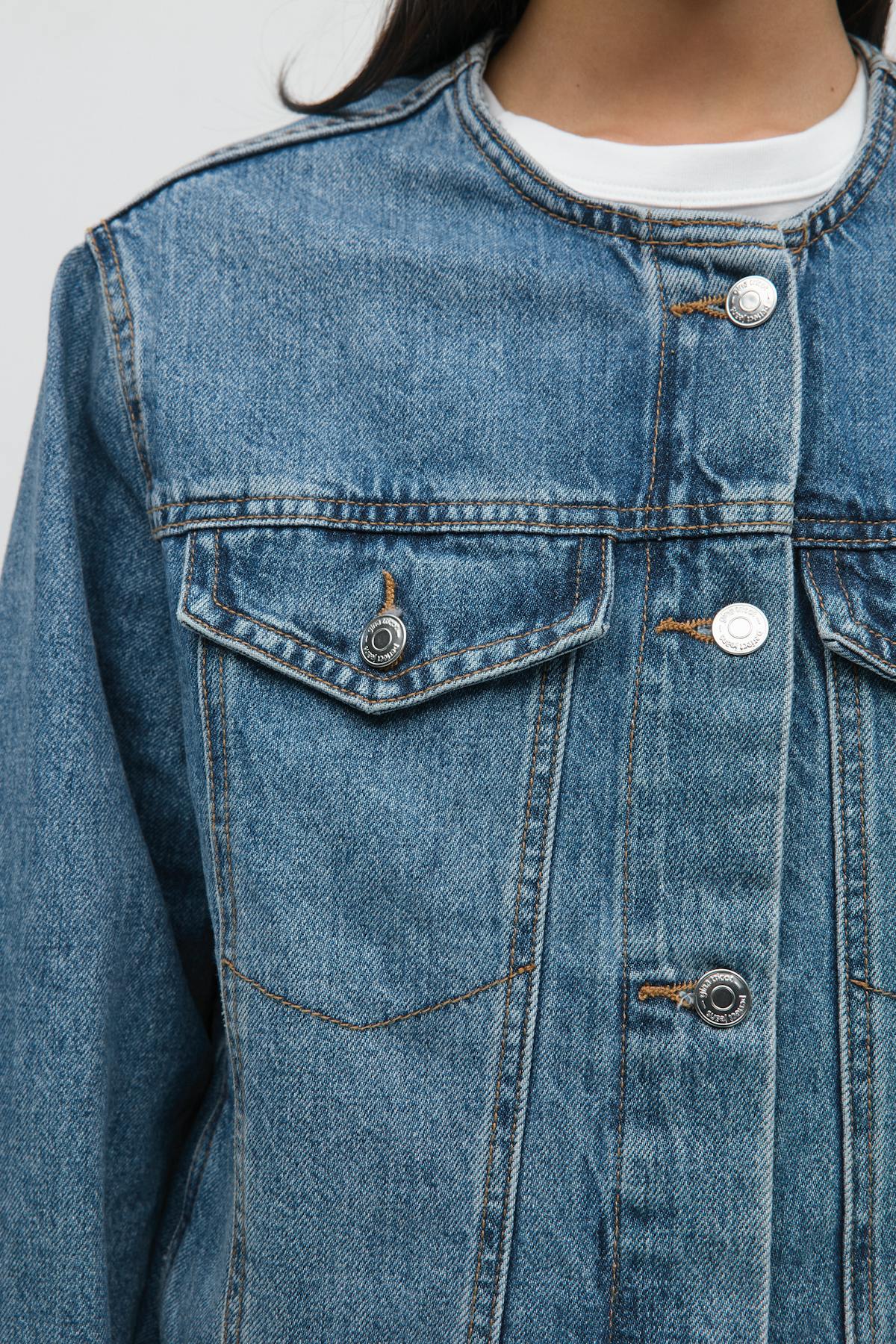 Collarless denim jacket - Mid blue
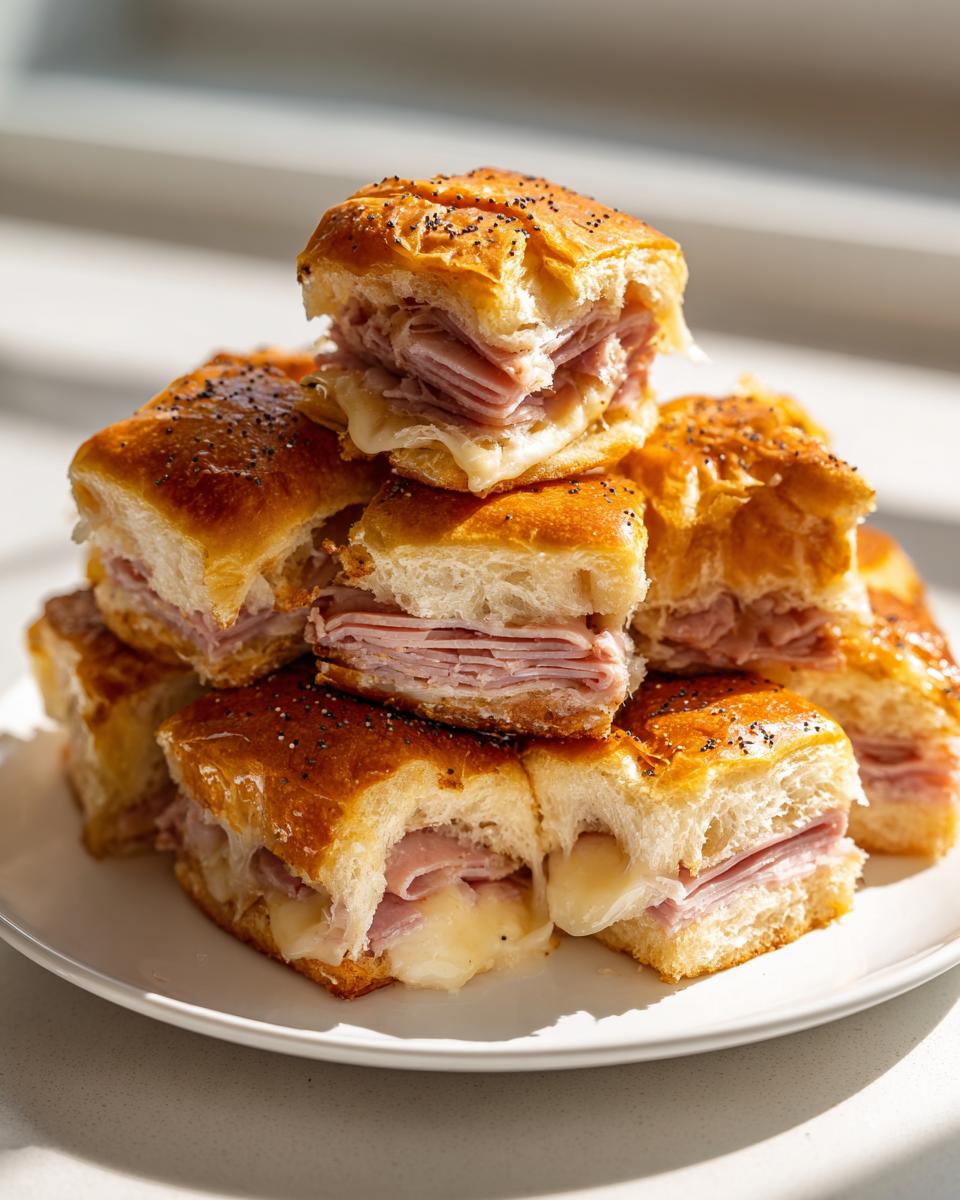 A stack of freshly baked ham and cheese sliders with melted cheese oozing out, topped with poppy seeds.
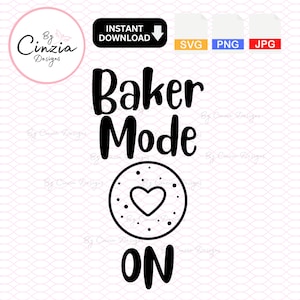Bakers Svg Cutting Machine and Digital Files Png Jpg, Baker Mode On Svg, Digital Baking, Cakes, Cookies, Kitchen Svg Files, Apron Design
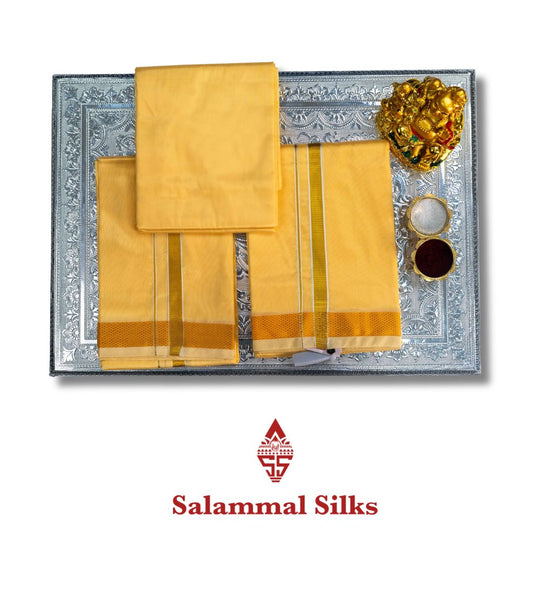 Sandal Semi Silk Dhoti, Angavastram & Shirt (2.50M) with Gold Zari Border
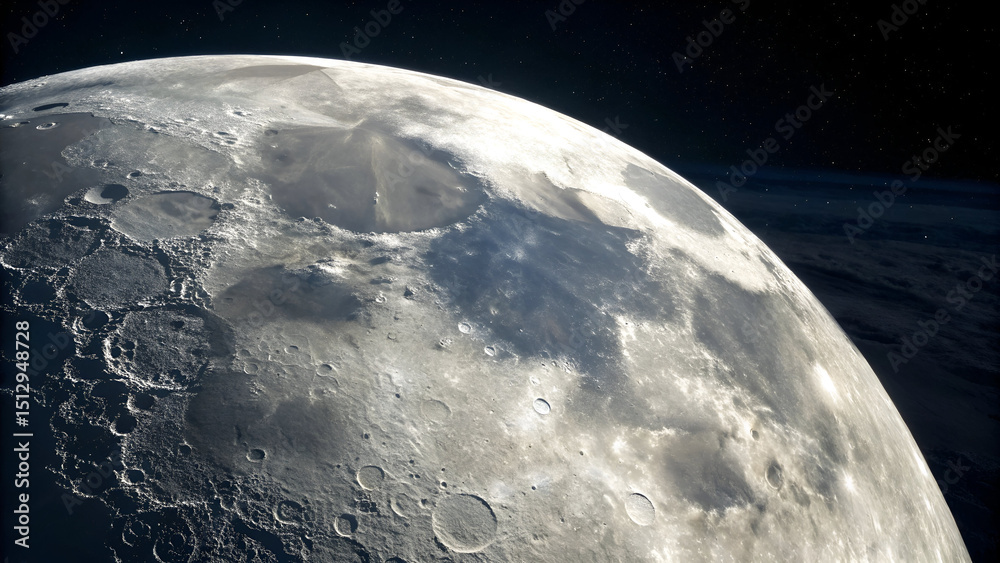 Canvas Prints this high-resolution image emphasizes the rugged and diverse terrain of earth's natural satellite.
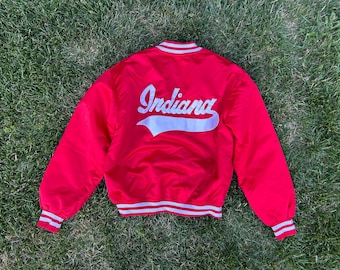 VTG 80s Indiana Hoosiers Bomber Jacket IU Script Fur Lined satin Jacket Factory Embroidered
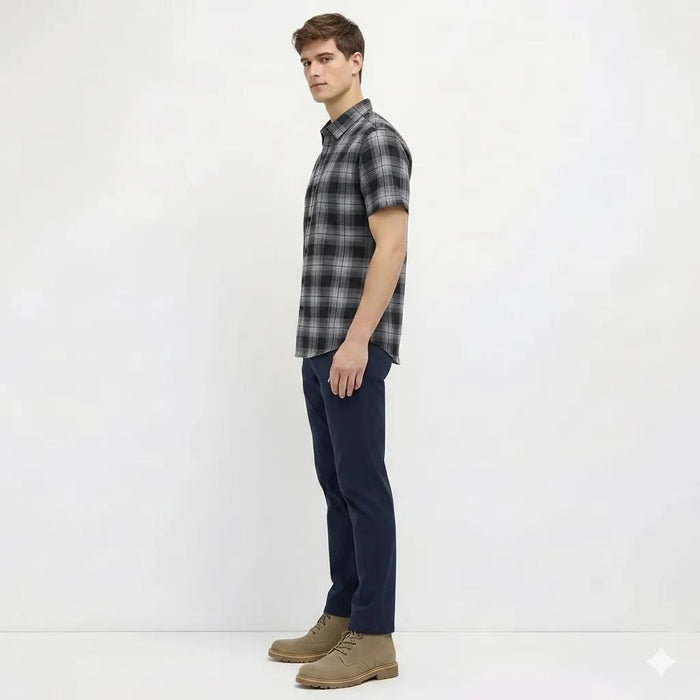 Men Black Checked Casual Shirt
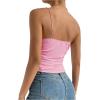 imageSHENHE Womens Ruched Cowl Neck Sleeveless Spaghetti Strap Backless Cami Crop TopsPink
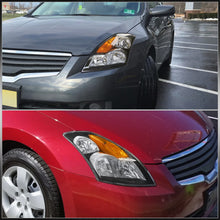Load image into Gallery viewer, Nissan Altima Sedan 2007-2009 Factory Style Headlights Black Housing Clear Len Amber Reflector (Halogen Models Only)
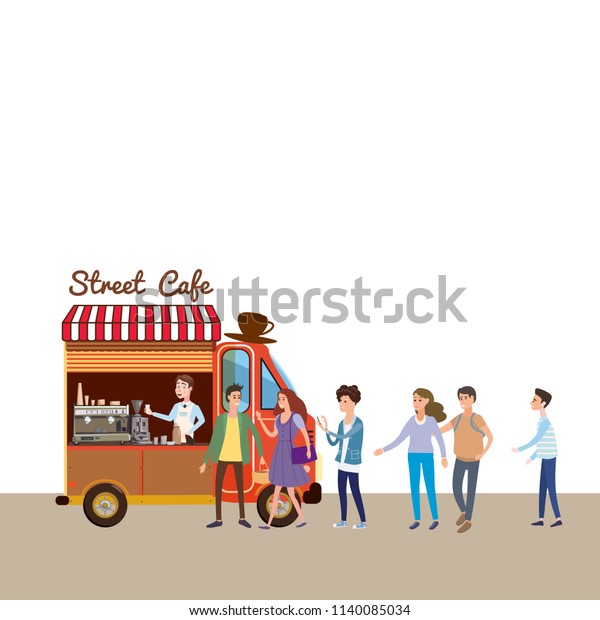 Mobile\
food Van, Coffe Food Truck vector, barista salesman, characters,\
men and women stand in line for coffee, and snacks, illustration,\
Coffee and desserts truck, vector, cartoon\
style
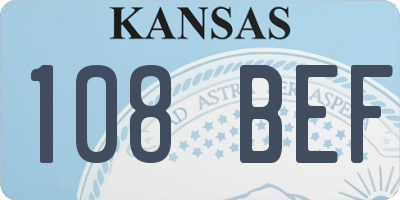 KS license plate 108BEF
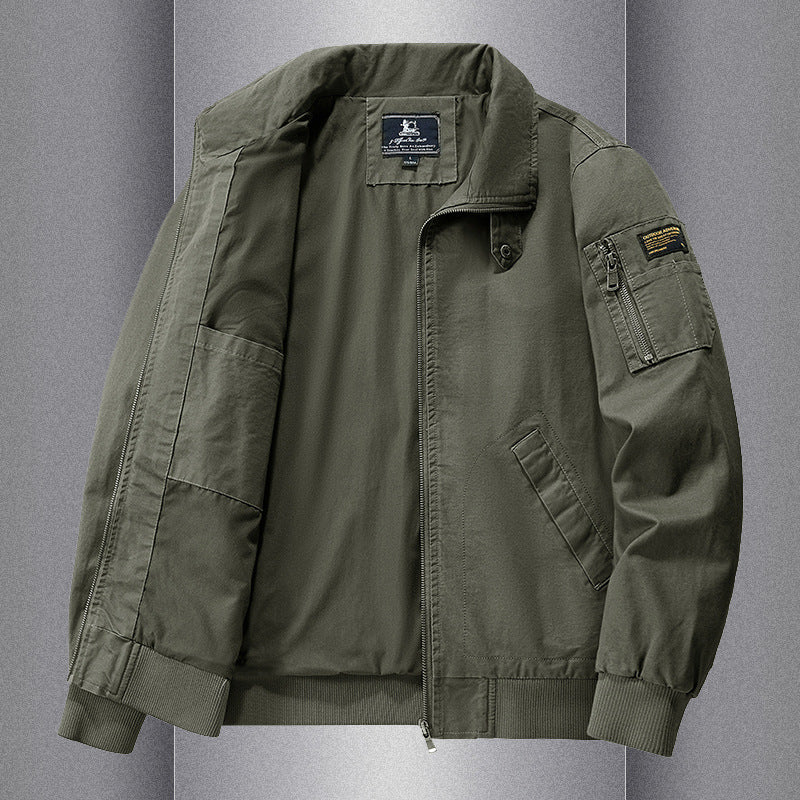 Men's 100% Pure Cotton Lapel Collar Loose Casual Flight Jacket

> [WORK TO BE COMPLETED]
Extract the full listing exactly, with the pictures left out.

> [ANSWER AREA]
 Collarless denim jacket - Mid blue
 A stack of freshly baked ham and cheese sliders with melted cheese oozing out, topped with poppy seeds.
Bakers Svg Cutting Machine and Digital Files Png Jpg, Baker Mode On Svg, Digital Baking, Cakes, Cookies, Kitchen Svg Files, Apron Design
 Sandal Semi Silk Dhoti, Angavastram & Shirt (2.50M) with Gold Zari Border
 Canvas Prints this high-resolution image emphasizes the rugged and diverse terrain of earth's natural satellite.
 VTG 80s Indiana Hoosiers Bomber Jacket IU Script Fur Lined satin Jacket Factory Embroidered
 Men Black Checked Casual Shirt
 imageSHENHE Womens Ruched Cowl Neck Sleeveless Spaghetti Strap Backless Cami Crop TopsPink
Load image into Gallery viewer, Nissan Altima Sedan 2007-2009 Factory Style Headlights Black Housing Clear Len Amber Reflector (Halogen Models Only)
 Mobile\
food Van, Coffe Food Truck vector, barista salesman, characters,\
men and women stand in line for coffee, and snacks, illustration,\
Coffee and desserts truck, vector, cartoon\
style
 KS license plate 108BEF
 Men's 100% Pure Cotton Lapel Collar Loose Casual Flight Jacket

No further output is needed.